When Zarchin finally got through to Ben-Gurion, he found an eager supporter. After Israeli engineers had sniffed at his scheme, Zarchin herded them to a nearby ice factory, froze and melted some sea water, and passed it around. The engineers took one sip, then let loose a delighted whoop.

Chemistry Lesson. A major drawback in the past to demineralizing water by freezing has been the cost. Zarchin's apparatus tries to beat this drawback by supplementing freezing with distillation by vapor compression. Sea water is pumped into a low-pressure chamber where a part of it is turned into vapor; part is frozen; the remainder passes off as a concentrated brine. The vapor is then slightly compressed. This process turns the vapor into pure water and also generates enough heat to melt the pure ice crystals.

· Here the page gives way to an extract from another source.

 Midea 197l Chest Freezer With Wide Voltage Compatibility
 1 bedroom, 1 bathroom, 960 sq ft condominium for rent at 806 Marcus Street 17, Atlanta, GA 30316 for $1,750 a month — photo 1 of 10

Zarchin estimates that he could purify up to 80% of the sea water that enters his apparatus, claims a $10 million plant could turn out 1,000 gals, of fresh water per hour for 2-c- a cubic meter, less than half the present cost of water in the Negev. Zarchin's lesson may be a major political development in the thirsty Middle East. Huddled over his books last week in a stuffy Tel Aviv hotel room, Zarchin had no doubt of the outcome. "You'll see," he said quietly. "I'm no nudnik."